--- What the task asks ---
Find the line containing "4 bedroom terraced" in the entries below. Restate it and each line after it, word for word, up to and including the line containing "跨界聚慧 共享成长 春风化雨".

--- Caption-style text data ---
-.-.-

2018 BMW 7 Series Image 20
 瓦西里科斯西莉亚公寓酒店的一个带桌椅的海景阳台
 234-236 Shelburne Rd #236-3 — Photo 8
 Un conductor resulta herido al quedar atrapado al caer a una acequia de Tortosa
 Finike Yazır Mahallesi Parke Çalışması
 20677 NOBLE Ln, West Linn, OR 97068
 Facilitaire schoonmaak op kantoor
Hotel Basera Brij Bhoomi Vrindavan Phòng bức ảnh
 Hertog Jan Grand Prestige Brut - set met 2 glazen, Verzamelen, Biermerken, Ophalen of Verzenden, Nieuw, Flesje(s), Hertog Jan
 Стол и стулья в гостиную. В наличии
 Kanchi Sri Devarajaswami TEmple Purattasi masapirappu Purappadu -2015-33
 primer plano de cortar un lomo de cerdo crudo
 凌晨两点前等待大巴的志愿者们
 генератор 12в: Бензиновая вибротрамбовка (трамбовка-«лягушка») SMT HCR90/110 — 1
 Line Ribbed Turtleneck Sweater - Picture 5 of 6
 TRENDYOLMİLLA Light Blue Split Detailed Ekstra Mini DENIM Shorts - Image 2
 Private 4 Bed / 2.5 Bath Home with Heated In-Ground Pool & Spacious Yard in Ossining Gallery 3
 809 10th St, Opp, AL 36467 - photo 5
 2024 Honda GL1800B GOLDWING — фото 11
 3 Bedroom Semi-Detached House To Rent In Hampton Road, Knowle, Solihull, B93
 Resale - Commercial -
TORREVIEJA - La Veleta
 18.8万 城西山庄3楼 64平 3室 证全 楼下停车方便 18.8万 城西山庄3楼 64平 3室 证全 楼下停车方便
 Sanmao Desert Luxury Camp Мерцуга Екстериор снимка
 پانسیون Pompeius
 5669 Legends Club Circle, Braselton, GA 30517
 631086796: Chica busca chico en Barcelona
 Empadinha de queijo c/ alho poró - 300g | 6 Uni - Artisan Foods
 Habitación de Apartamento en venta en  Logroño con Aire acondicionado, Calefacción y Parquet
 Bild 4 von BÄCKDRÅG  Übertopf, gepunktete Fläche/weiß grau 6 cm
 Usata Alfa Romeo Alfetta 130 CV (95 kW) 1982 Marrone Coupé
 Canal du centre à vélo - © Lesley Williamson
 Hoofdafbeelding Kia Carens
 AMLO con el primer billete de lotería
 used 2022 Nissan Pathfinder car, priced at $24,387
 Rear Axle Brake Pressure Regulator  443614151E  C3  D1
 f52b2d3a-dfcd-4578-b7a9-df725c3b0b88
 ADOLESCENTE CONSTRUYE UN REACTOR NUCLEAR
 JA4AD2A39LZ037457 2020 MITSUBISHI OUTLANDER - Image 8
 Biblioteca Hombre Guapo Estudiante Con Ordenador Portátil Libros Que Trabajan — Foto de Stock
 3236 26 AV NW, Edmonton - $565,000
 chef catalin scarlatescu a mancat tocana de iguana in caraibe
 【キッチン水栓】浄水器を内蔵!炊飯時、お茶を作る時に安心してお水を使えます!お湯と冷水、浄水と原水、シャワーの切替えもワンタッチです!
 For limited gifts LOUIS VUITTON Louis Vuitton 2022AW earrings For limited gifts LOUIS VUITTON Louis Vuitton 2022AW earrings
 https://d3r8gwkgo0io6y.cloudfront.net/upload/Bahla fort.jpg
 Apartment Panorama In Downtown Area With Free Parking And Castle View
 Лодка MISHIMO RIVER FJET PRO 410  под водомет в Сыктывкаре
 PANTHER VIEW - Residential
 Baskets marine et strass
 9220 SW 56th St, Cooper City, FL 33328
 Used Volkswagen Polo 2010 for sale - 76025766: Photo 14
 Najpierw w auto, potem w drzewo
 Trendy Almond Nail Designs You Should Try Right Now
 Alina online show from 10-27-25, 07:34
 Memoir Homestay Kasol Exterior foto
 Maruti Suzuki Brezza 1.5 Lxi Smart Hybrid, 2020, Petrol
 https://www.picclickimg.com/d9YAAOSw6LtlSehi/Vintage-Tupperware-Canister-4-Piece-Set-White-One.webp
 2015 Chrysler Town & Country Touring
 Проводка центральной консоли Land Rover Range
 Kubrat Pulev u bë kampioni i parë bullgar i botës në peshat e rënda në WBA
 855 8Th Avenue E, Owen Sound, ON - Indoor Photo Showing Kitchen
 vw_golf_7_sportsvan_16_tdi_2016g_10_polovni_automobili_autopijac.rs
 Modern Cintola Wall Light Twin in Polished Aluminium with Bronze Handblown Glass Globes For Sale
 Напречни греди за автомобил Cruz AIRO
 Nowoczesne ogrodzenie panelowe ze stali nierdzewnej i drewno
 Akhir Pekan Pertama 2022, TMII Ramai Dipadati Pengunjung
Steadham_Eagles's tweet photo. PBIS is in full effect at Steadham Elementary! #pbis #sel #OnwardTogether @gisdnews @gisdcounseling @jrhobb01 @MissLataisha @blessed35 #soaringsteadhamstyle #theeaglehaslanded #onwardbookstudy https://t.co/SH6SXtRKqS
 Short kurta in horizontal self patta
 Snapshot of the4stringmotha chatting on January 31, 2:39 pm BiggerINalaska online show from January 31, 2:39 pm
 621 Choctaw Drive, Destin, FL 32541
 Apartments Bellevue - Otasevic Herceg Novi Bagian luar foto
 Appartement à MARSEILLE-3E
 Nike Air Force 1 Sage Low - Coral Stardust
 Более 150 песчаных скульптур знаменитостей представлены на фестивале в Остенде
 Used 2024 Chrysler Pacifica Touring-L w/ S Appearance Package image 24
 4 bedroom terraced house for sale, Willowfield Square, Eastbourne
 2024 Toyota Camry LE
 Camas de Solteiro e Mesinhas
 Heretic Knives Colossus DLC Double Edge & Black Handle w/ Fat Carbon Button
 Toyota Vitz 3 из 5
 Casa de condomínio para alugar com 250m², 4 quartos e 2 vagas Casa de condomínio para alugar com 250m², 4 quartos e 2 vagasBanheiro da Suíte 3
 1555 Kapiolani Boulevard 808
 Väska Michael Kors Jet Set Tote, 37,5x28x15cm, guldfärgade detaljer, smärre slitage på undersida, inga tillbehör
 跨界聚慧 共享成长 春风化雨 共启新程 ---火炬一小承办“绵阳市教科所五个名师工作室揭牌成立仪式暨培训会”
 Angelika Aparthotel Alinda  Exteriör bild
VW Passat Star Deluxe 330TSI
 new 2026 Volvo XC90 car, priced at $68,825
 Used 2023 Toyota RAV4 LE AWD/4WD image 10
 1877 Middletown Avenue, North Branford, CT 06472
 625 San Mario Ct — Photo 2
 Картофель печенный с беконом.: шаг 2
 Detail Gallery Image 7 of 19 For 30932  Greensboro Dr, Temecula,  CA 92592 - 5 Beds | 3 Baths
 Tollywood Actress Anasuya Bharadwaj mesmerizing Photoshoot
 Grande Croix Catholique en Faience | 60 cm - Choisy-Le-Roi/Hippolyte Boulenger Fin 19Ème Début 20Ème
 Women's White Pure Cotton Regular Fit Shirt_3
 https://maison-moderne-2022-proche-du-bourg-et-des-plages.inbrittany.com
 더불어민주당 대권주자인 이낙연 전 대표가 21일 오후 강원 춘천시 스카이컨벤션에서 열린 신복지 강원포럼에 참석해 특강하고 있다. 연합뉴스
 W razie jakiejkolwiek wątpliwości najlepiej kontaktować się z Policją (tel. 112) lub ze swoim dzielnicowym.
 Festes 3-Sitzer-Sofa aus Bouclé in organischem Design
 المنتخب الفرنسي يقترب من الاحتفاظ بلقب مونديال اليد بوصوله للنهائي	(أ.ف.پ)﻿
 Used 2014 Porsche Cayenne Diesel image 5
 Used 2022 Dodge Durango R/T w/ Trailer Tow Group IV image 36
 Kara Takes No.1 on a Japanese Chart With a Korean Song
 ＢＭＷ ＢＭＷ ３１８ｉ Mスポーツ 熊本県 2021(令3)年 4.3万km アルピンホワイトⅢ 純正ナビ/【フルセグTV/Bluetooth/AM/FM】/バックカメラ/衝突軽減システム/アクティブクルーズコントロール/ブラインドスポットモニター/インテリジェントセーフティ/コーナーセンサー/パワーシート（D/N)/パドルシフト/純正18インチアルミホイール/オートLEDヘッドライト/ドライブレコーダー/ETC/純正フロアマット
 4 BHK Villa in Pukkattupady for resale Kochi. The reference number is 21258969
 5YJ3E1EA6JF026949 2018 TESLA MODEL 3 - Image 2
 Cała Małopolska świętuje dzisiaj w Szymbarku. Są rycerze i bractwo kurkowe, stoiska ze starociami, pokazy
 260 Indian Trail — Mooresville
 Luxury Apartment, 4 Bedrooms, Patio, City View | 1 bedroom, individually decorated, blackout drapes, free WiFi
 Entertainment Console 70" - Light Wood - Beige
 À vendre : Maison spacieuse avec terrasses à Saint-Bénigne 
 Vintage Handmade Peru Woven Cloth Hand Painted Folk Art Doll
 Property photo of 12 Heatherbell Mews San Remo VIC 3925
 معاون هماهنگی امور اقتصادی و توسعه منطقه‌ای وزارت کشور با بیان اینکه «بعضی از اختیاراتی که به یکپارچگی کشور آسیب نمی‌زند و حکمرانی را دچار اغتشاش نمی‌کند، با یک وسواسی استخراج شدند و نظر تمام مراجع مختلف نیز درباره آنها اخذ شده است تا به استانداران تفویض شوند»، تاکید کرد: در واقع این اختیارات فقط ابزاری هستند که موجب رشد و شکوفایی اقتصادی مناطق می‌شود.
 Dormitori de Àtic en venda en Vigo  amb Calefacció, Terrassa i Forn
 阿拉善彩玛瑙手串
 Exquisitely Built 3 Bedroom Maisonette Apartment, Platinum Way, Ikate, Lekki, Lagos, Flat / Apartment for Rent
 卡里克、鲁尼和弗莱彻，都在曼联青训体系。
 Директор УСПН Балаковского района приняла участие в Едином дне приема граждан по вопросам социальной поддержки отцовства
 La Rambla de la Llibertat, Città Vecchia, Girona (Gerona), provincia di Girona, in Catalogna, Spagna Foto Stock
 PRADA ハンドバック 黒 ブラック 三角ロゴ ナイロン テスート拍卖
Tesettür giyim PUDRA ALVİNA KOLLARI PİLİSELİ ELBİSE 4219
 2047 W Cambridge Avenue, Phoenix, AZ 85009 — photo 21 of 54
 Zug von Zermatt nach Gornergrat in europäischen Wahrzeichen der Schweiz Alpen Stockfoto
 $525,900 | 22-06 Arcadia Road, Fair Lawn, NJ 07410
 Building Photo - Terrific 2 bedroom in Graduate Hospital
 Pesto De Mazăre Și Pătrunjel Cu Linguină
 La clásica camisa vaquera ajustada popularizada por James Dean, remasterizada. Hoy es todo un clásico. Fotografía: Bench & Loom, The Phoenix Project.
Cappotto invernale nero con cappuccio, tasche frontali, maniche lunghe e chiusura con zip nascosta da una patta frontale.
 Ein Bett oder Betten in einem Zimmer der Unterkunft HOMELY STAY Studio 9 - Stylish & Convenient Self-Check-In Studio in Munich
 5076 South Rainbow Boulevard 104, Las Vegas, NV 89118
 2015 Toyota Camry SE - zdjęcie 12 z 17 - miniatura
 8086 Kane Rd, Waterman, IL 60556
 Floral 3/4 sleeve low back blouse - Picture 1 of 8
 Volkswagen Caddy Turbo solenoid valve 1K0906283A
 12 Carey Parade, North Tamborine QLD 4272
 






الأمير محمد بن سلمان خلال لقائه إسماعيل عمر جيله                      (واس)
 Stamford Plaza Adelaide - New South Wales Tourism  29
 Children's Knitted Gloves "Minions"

-.-.-

--- Response area ---
 4 bedroom terraced house for sale, Willowfield Square, Eastbourne
 2024 Toyota Camry LE
 Camas de Solteiro e Mesinhas
 Heretic Knives Colossus DLC Double Edge & Black Handle w/ Fat Carbon Button
 Toyota Vitz 3 из 5
 Casa de condomínio para alugar com 250m², 4 quartos e 2 vagas Casa de condomínio para alugar com 250m², 4 quartos e 2 vagasBanheiro da Suíte 3
 1555 Kapiolani Boulevard 808
 Väska Michael Kors Jet Set Tote, 37,5x28x15cm, guldfärgade detaljer, smärre slitage på undersida, inga tillbehör
 跨界聚慧 共享成长 春风化雨 共启新程 ---火炬一小承办“绵阳市教科所五个名师工作室揭牌成立仪式暨培训会”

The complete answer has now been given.